El joyero examinó el anillo a la luz del candil, lo miró con su lupa, lo pesó y luego le dijo al chico:
—Dile al maestro, muchacho, que si lo quiere vender ya mismo, no puedo darle más de cincuenta y ocho monedas de oro por su anillo.
—¿Cincuenta y ocho monedas? –exclamó el joven.
—Sí –replicó el joyero–. Yo sé que con tiempo podríamos obtener por él cerca de setenta monedas, pero si la venta es urgente...
El joven corrió emocionado a casa del maestro a contarle lo sucedido.
—Siéntate –dijo el maestro después de escucharlo–. Tú eres como ese anillo: una joya, valiosa y única. Y como tal, sólo puede evaluarte un verdadero experto. ¿Por qué vas por la vida pretendiendo que cualquiera descubra tu verdadero valor?
Y, diciendo esto, volvió a ponerse el anillo en el dedo meñique de su mano izquierda.
 
  • REFLEXIÓN: Todos necesitamos ser reconocidos y valorados por los demás. Todos necesitamos el respeto y la estima de los demás para poder construir nuestra propia autoestima. Además para el que sabe ver, el ser humano no tiene precio, su valor es realmente incalculable. Si realmente somos afectuosos, tolerantes, y menos egoístas e intransigentes podremos aprender a valorar a las personas en su justa dimensión, con autenticidad, sin menosprecios y engaños.

10 de octubre de 2012

INICIANDO OTRO VIAJE

Un conocido viajero volvió de un largo recorrido, y como venía sucediendo cada vez que regresaba, muchas personas vinieron para escuchar la narración de sus andanzas por otras tierras. Sabedor de esta circunstancia, el viajero tenía ya preparado su discurso, tan preparado que se lo sabía de memoria. Iba a contar lo de siempre (“yo he hecho...”, “yo he ido...”) para conseguir el mismo resultado de siempre. Sin embargo, esta vez vio que sus palabras no generaban el entusiasmo de otras ocasiones: algunos de los presentes daban muestras de aburrimiento, otros le miraban con ojos vacíos...

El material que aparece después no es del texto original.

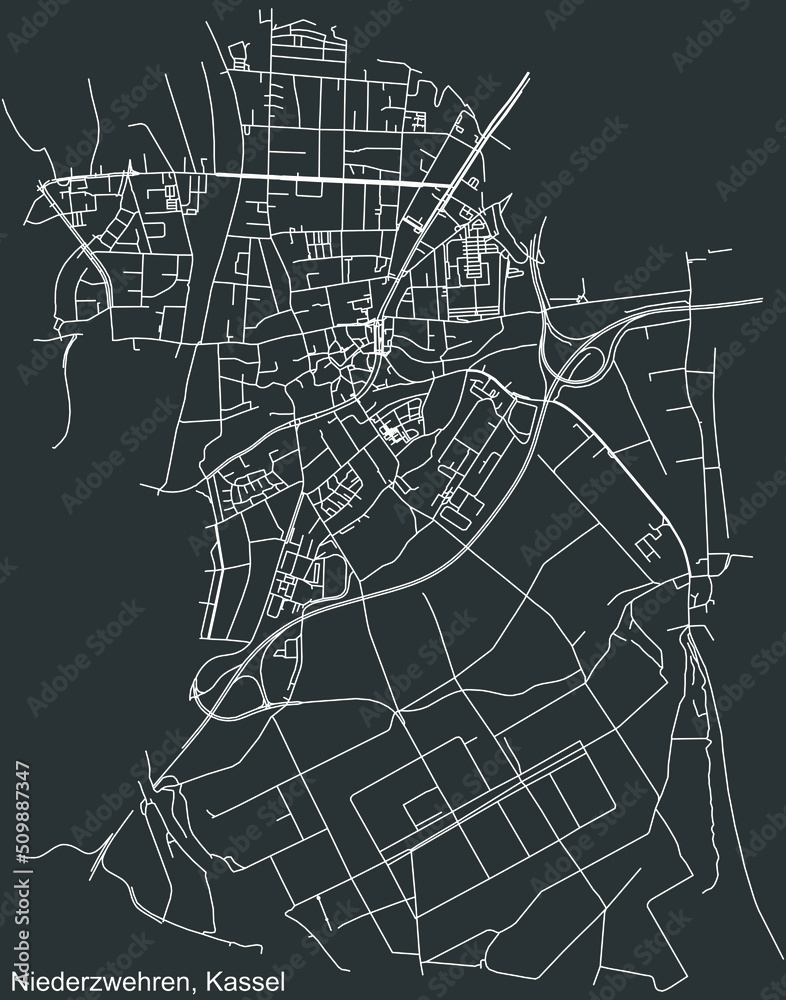 Detailed negative navigation white lines urban street roads map of the NIEDERZWEHREN DISTRICT of the German regional capital city of Kassel, Germany on dark gray background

El viajero aumentó el tono de la voz pensando que así conseguiría un mayor interés, pero lo único que consiguió fue sobresaltar a los que dormitaban. Alguien osó levantarse y salir. Esto desconcertó al viajero: nunca antes alguien había salido sin esperar el final de su narración. Aumentó aún más el tono de su voz, pero el ejemplo del primero en levantarse fue seguido por otro, y otra, y otros más... Casi a gritos el viajero continuó el discurso que tenía aprendido de memoria y que, costase lo que costase, tenía que terminar. Cuando llegó al final, agotado por el esfuerzo, sólo quedaban dos personas junto a él.
—¿Cuál ha sido tu viaje interior? –preguntó la primera.

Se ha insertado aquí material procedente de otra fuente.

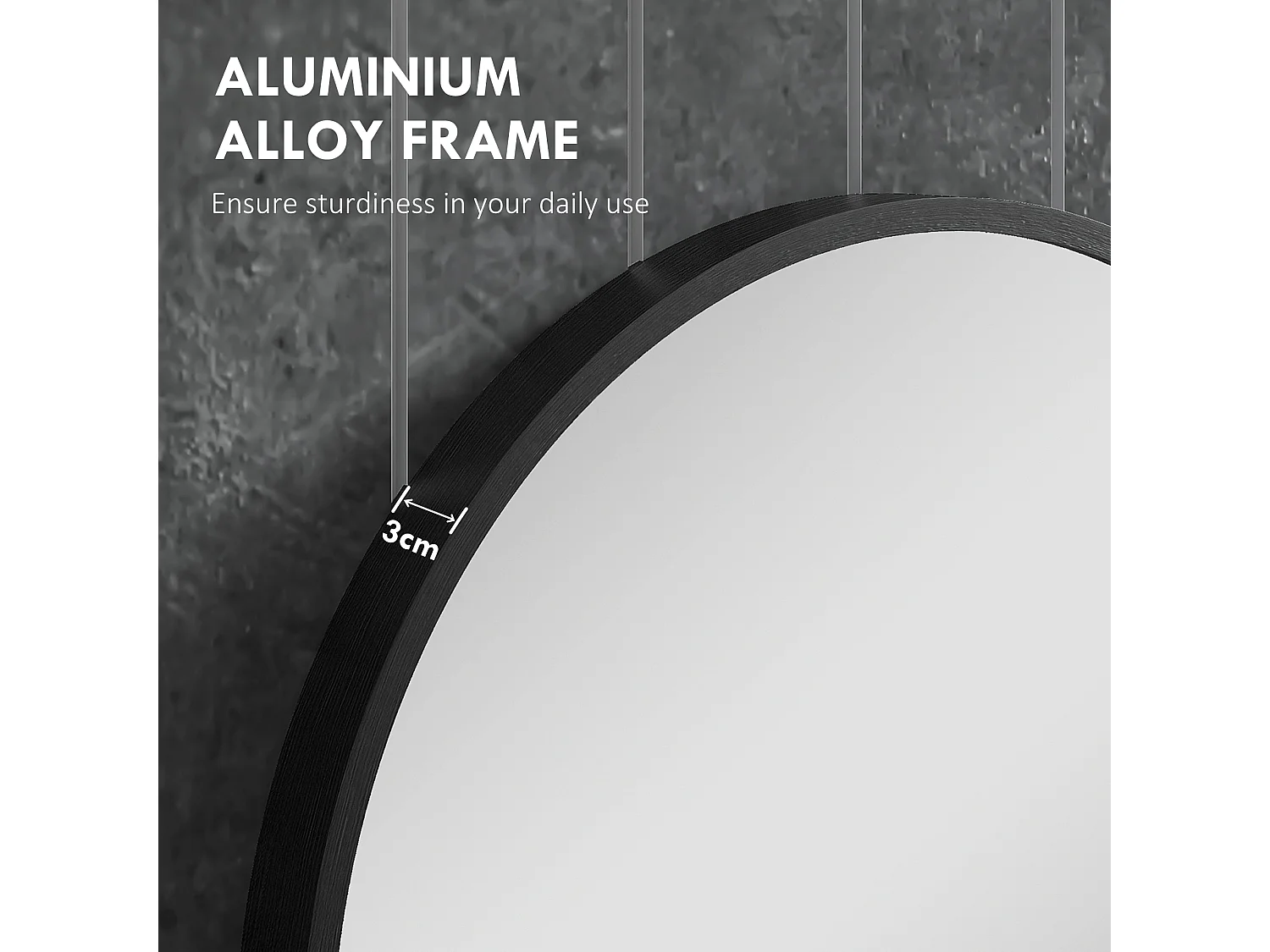 Specchio da bagno ovale a parete in alluminio 60x90cm nero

—¿Cómo eran las personas que has encontrado? ¿Has participado de sus vidas? ¿Cuáles eran sus sueños? –preguntó la segunda.
El viajero no sabía qué responder, estas preguntas quedaban muy lejos de sus preocupaciones cuando emprendía un viaje y quedaban también muy lejos de lo que él contaba a la vuelta.

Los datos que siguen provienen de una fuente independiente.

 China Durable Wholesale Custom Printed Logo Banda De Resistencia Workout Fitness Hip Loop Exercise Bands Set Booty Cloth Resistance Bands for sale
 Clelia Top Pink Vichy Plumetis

Pero gracias a ellas descubrió la razón de su fracaso: en su viaje se había limitado a recorrer kilómetros con mirada distraída y sin interés por conocer la vida de los que allí moraban porque creía saberlo todo... Además, sus vecinos habían cambiado y no eran los mismos, ahora eran mucho más mestizos culturalmente, y en mentalidad: buscaban la experiencia vital, la hondura del encuentro humano...
Y se dio cuenta de que los ojos de mirada vacía que había observado reflejaban su interior.
 
  • REFLEXIÓN: El viajero aburrió a todos los presentes porque realmente no tenía nada importante que contar. Lo verdaderamente importante es lo que tú vivas interiormente y la relación con los que se van cruzando en nuestras vidas. La vida en sí misma es un viaje, y de nosotros depende el creer que ya lo sabemos todo, o bien dejarnos sorprender por las cosas y las personas que vamos descubriendo en el camino.